More info required on rand(3C), rand48(3C) and random(3B) please

[Tim Monks]

Can someone at SGI or elsewhere please provide me with some further
information on the pseudo-random number generators rand(3C),
*rand48(3C), and random(3B) in addition to what is available in the
rather scant manual pages.  I am particularly interested in the
algorithm used for random(3B) and how it compares to the Winchman-Hill
(combination of 3 multiplicative congruential rngs) and the newer
Marsaglia-Zaman-James generator (a combination of a lagged Fibonacci
sequence and an arithmetic subtractive generator). My application calls
for a rng with good properties when taken as n-tuples, n = 10-25.

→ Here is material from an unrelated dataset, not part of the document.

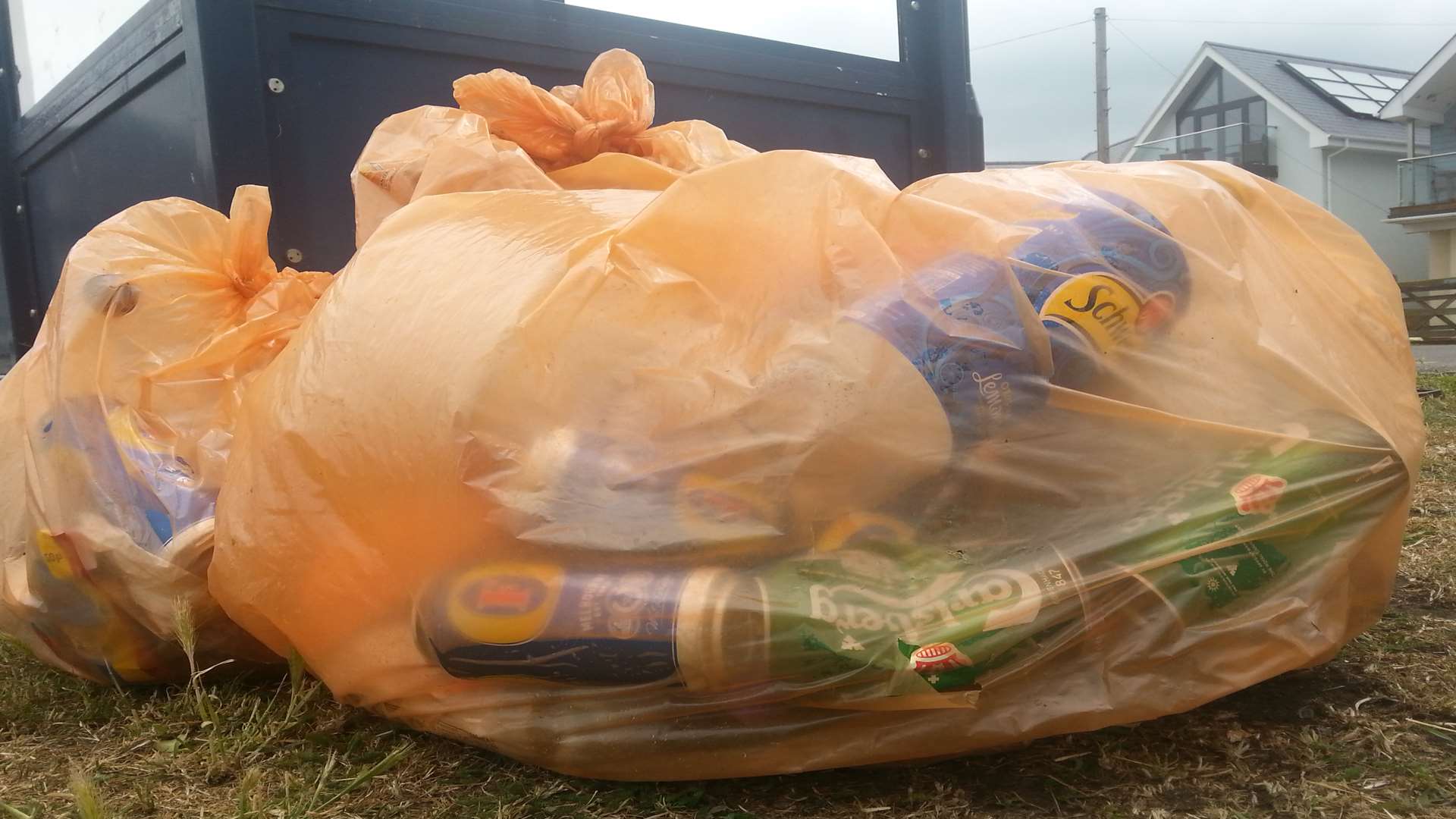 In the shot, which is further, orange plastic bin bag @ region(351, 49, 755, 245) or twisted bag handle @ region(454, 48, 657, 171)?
twisted bag handle @ region(454, 48, 657, 171)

Here's what I know about them already:

rand(3C):
========
	Manual pages info :
		A multiplicative congruential rng with period 2^32
	My suppositions :
	  1. The form is probably :
			    x(n+1)=x(n)*16807 mod (2^31-1)
	     because this is most popular on 32 bit machines.
	  2. Low order bits are less random than they should be.
	  3. n-tuples formed from this generator are apparently uniform 
	     for low n (a lattice diagram on the unit square showing pairs
	     (x(n), x(n-1)) has no visible structure), but for larger n, 
	     the tuples lie on a limited number of hyperplanes (Marsaglia 
	     effect). This implies that the rng should not be used in high-
	     dimensional (>2) simulations.

*rand48(3C):
===========
	Manual pages info :
		A multiplicative congruential rng of the form :
			    x(n+1) = (a.x(n) + c) mod (2^48)
		where the constants a & c have default values of
		a = 3740067437, c = 11, though these can be changed.
	My suppositions :
	  1. Suffers same inherent problems as rand(3C), though these
	     will be less obvious because of the longer period (which is ?).

random(3B)
==========
	Manual pages info :
		A "non-linear additive feedback rng employing a default
		table of size 31 long ints"
	My suppositions :
	  1. Because this rng uses more state information than just the 
	     previous deviate to generate the new value it should perform
	     better than the previous two in high-dimensional rn generation.
	My questions:
	  1. What exactly is the form of it - is there a reference to any
	     works by the the author (Earl T Cohen).
	  2. Is there any further information on the uniformity of n-tuples
	     taken from this generator ?
	  3. What sort of tests are used to test uniformity of n-tuples
	     where n is too large to visualize ?
	  4. Comparisons with W-H and M-Z-J generators mentioned above ?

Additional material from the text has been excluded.